Eso demuestra que esta campaña no era la de Hispania y que había bofetadas para apuntarse. De hecho, no surgieron problemas para encontrar reclutas. El doble ejército consular, formado por más de cincuenta mil hombres, embarcó en una flota formada por cincuenta quinquerremes, cien naves de combate ligeras y un número indeterminado de barcos de transporte. Con ellos viajaba Escipión Emiliano, de nuevo con el puesto de tribuno militar.
Los cartagineses enviaron una nueva embajada a Roma. El senado dijo a los diplomáticos que, si entregaban como rehenes a trescientos niños de las mejores familias de la ciudad y obedecían el resto de sus instrucciones, Cartago conservaría su libertad y sus territorios. Fue una respuesta bastante cínica, puesto que la guerra ya estaba más que decidida.
Dispuestos a casi todo por evitar una contienda que sabían que estaban condenados a perder, los cartagineses obedecieron, eligieron a trescientos críos y los embarcaron para enviarlos a Lilibeo, en Sicilia, donde se hallaban los cónsules con sus tropas. Aquí el historiador Apiano da rienda suelta a su pluma y se extiende unas cuantas líneas describiendo cómo las madres se arrancaban los cabellos, se arañaban los pechos e incluso se arrojaban al agua nadando detrás del barco que se llevaba a sus hijos. Adornos retóricos aparte, lo cierto era que estaban entregando a aquellos niños como rehenes sin condiciones y sin saber si les iba a servir para algo.
Y, de momento, no sirvió. Los cónsules se limitaron a enviar a los trescientos chicos a Roma, y después zarparon de Lilibeo y desembarcaron en Útica.
Allí acudió una nueva legación cartaginesa. Manilio y Censorino los recibieron sentados en un alto estrado, rodeados de tribunos y legados. Para humillar todavía más a los embajadores, les obligaron a quedarse abajo, al otro lado de un cordón. Ante ellos, todo el ejército formaba con las armas relucientes como para un desfile.

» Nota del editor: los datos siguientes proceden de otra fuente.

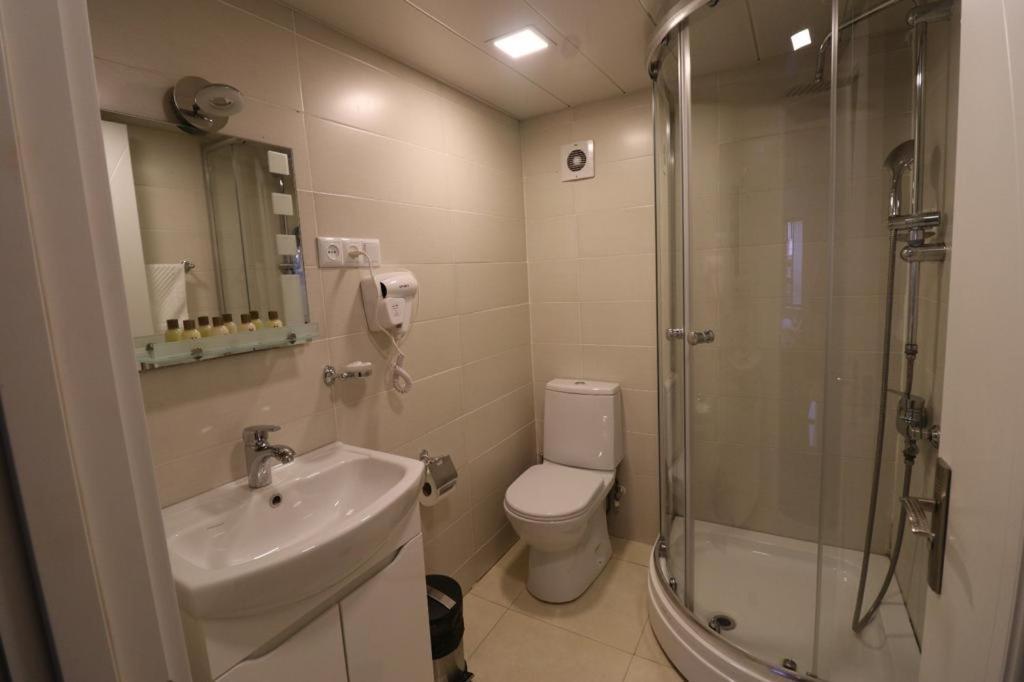 Elno Hotel Tbilisi Ruang foto
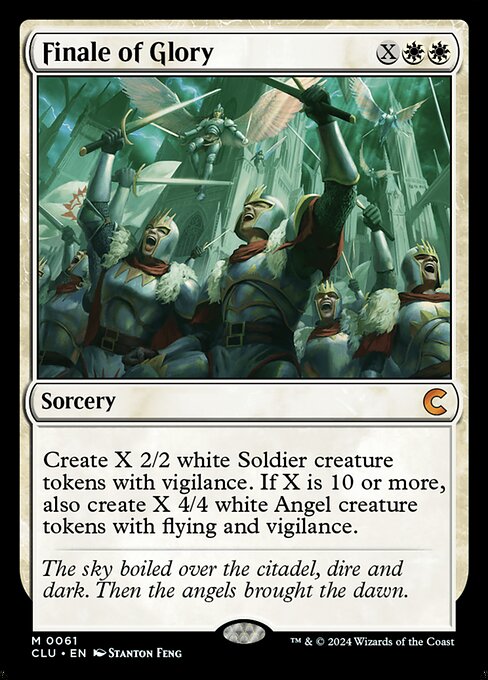 Finale of Glory - Ravnica: Clue Edition - 61
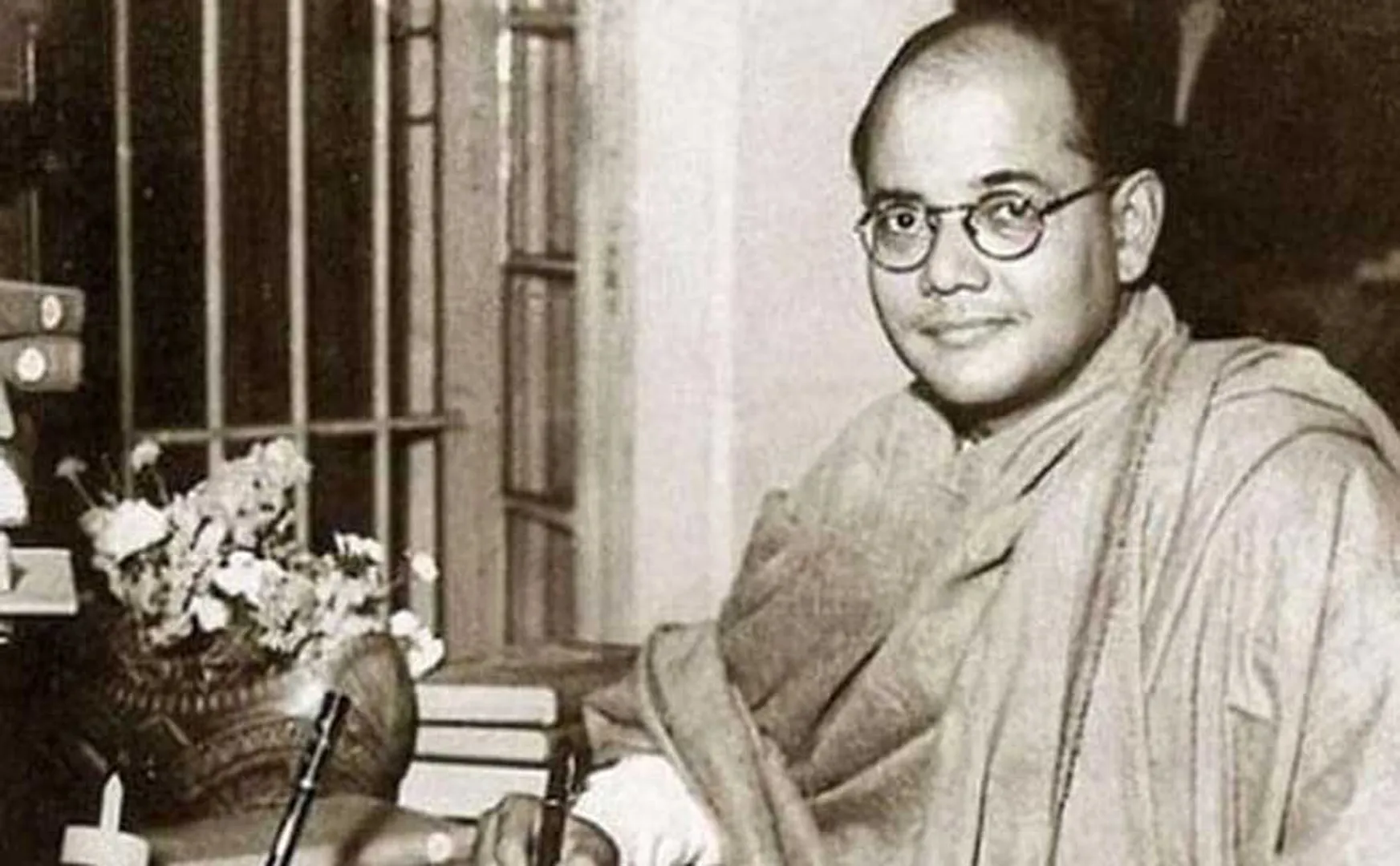  How did Netaji escape India?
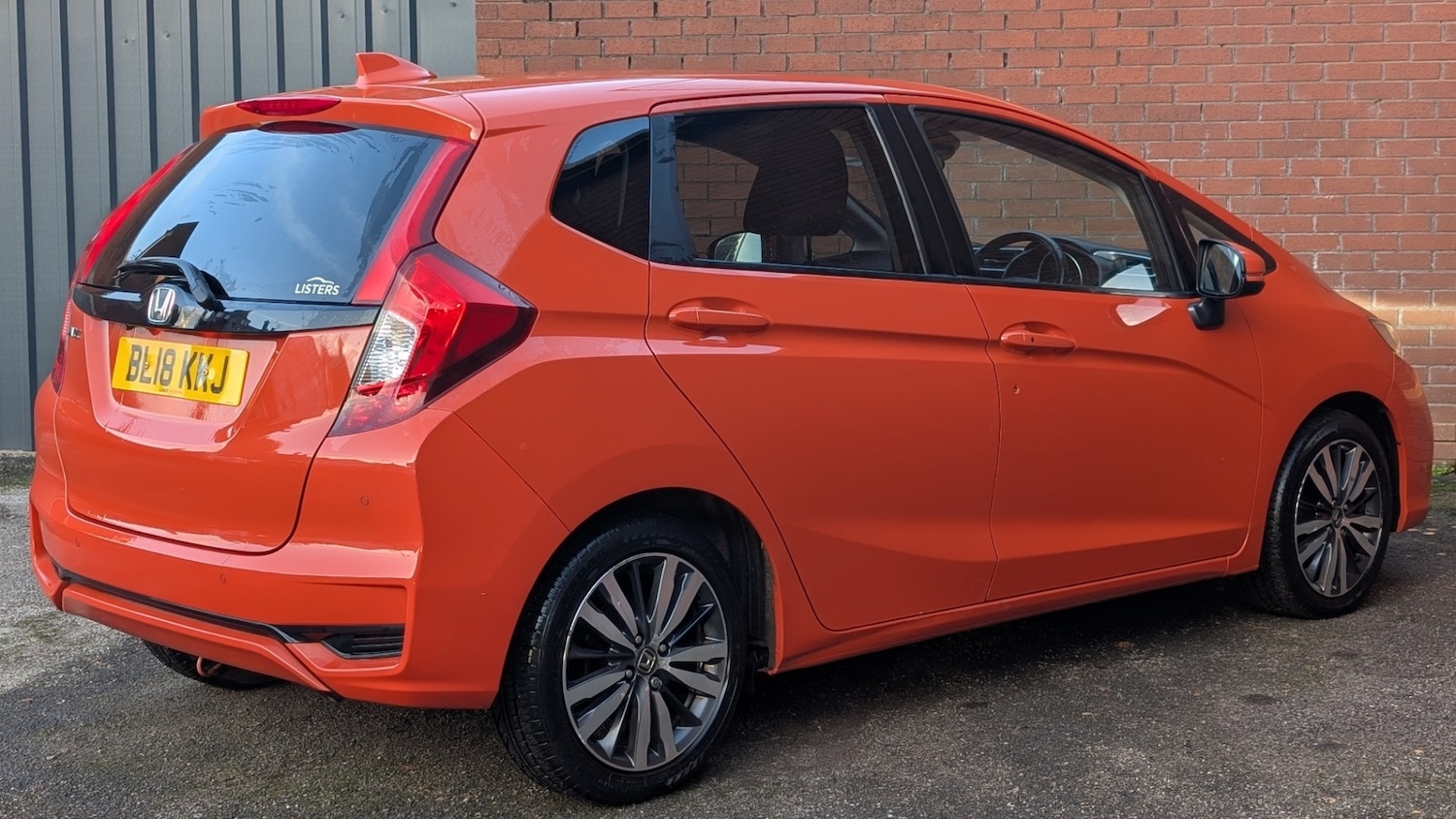 Used Honda Jazz 2018 for sale - 76893101: Photo 3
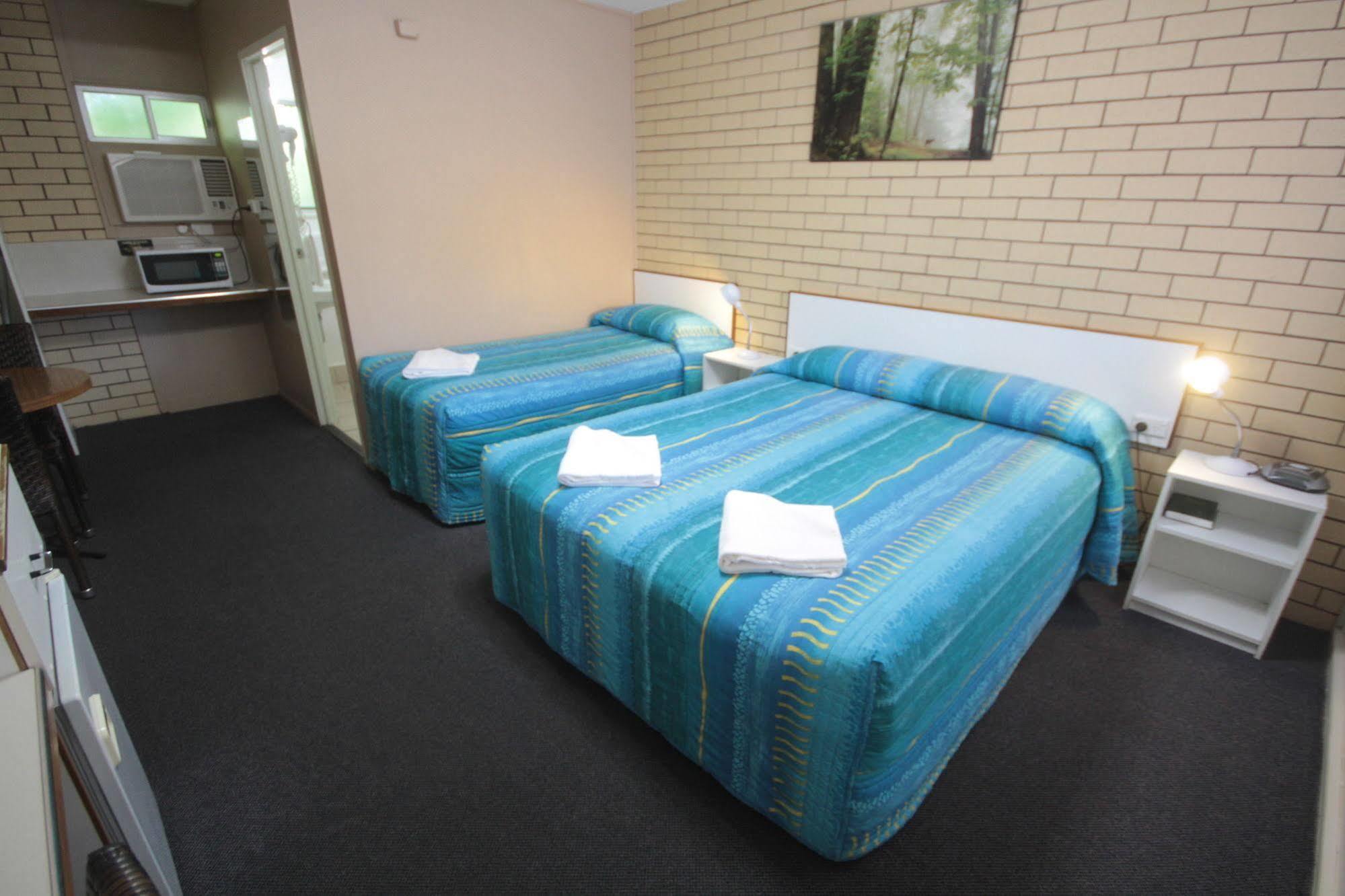 Binalong Motel Goondiwindi Exterior foto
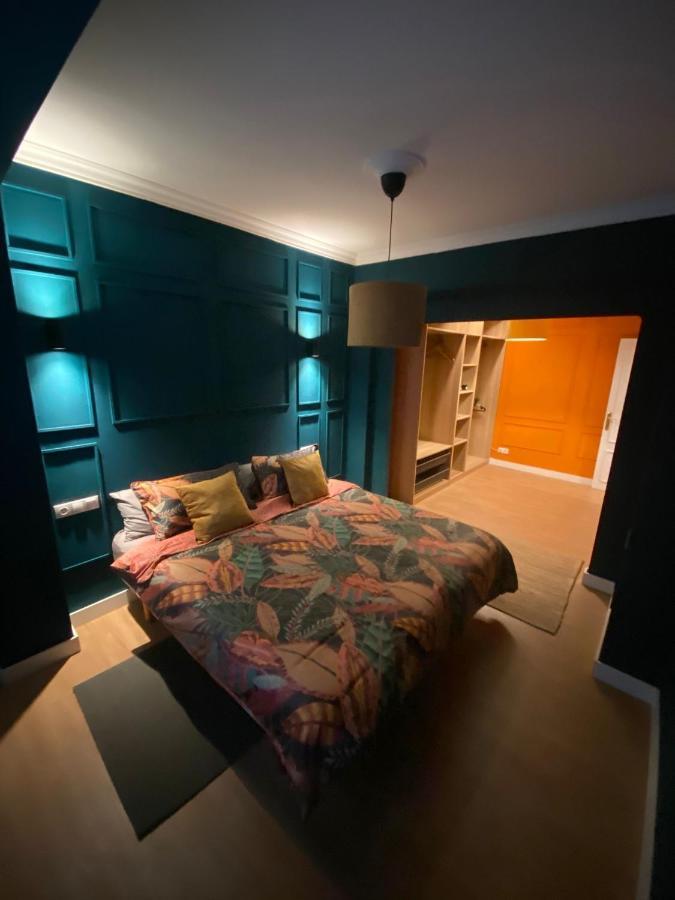 Luxury Apartment In Ferrol Center Dış mekan fotoğraf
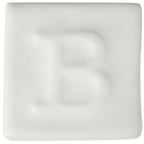 BOTZ "Earthenware" 9492 Chalk Grey low-fire glaze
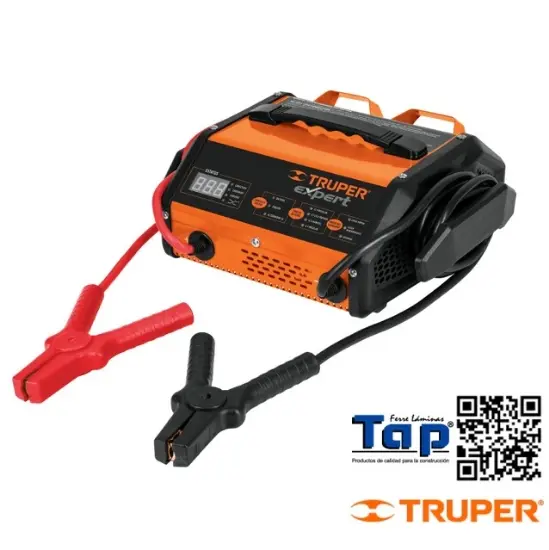 Imagen de CARGADOR   50 A P BATERIAS 6 Y 12 V EXPERT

Los cartagineses estaban dispuestos a ofrecerse en
deditio in fidem
, una rendición incondicional. Censorino les exigió que empezaran por entregar todas sus armas. Los embajadores preguntaron cómo se defenderían entonces de Asdrúbal, el general al que habían condenado a muerte, pues se hallaba acampado cerca de Cartago con un ejército de veinte mil hombres y suponía una amenaza para la ciudad. «Dejad que yo me encargue de Asdrúbal», respondió Censorino.
Los cartagineses no tuvieron otro remedio que aceptar. En la entrega del armamento ejerció de mediador Escipión Násica, que mantenía buenas relaciones con los púnicos. Un enorme convoy viajó de Cartago a Útica. Según las fuentes antiguas, aquellos carromatos llevaban dos mil catapultas de diversas clases y la friolera de doscientas mil panoplias; es decir, el equipo completo para armar a doscientos mil hombres.